L'intimité avec Jésus est centrale. Prions et faisons ce qu'il nous montre. En dehors de «l'être avec lui», nous faisons pas mal de dégâts.

Dis seulement une parole
Nous connaissons cette histoire du centurion romain, chef soldat qui comprenait bien l'exercice de l'autorité. Il savait bien l'exercer parce que disait-il «Je suis moi aussi un homme sous autorité». (Mt 8,9). Il savait qu'exercer l'autorité était donner des ordres: «j'ai sous moi des soldats, je dis à l'un va, et il va, à un autre viens et il vient». (8.9). Ce centurion avait un serviteur atteint de paralyse et terriblement tourmenté. (8.6). Jésus se propose d'y aller pour le guérir. Mais à cause de sa compréhension de l'autorité, le centurion dit à Jésus que ce n'est pas la peine qu'il se déplace et ajoute: «mais dis seulement une parole et mon serviteur sera guéri». Une seule parole! Un seul ordre! Jésus est en admiration devant cette compréhension de foi en son autorité.
Dis seulement une seule parole! Il est juste et bon de demander à Jésus cette unique parole qui nous permet de savoir ce qu'il fait, ce qu'il veut faire dans un cas particulier.

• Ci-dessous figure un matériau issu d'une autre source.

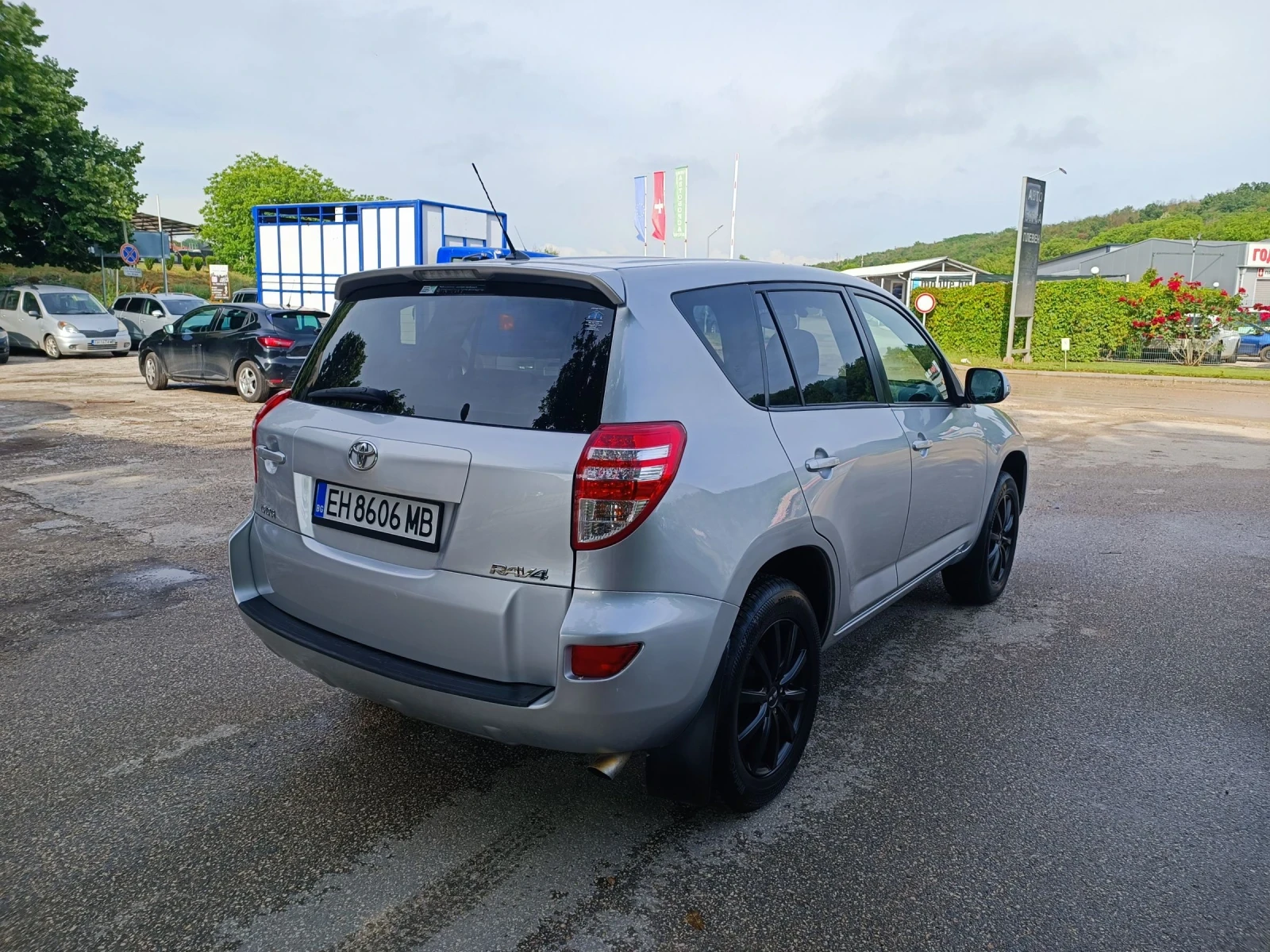 Toyota Rav4 2.0i-158кс-РЪЧКА-6ск-4Х4-ГАЗ/БЕНЗИН, снимка 3 - Автомобили и джипове - 54790098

Il y a bien des années ma belle-sœur travaillait au Bénin chez Wycliffe. Un jour nous recevons un téléphone nous annonçant qu'elle avait attrapé une hépatite fulminante, était tombée dans le coma et se trouvait dans un avion de sauvetage volant en direction de Genève. J'encourage Christine mon épouse à téléphoner à la famille et aux amis pour commencer à prier pour elle. Je vais pour ma part prier au salon. Je dis à Dieu: Seigneur j'ai besoin d'une parole pour savoir comment prier avec confiance. Il me vient le verset: «Cette maladie n'est pas pour la mort». (Jn 11.4) Alors commence l'intercession personnelle et l'appel aux anciens de son église pour une prière de guérison pour ma belle-sœur, sur la base de cette unique parole. Le pronostic des médecins est négatif. Mais suite à la prière des anciens, soudainement il y a un changement dans un facteur sanguin précis, puis lors de la visite d'un pasteur elle ouvre les yeux… et finalement elle est sauvée de la mort. Elle reçoit ensuite la visite de nombreux médecins de l'hôpital car elle était le premier cas de ce type d'hépatite à en avoir réchappé. Et son foie à ce jour est en bonne santé. Ce fut pour moi une leçon inoubliable: Dis seulement une seule parole et mon serviteur sera guéri. À Dieu soit toute la gloire!
www.paulhemes.com

NOTES
1 : Os Guinness, Rising to the Call, Thomas Nelson 2003, p 21.
2 : Je me suis permis de mettre Don avec un «grand D» pour souligner l'identité du donateur: Dieu.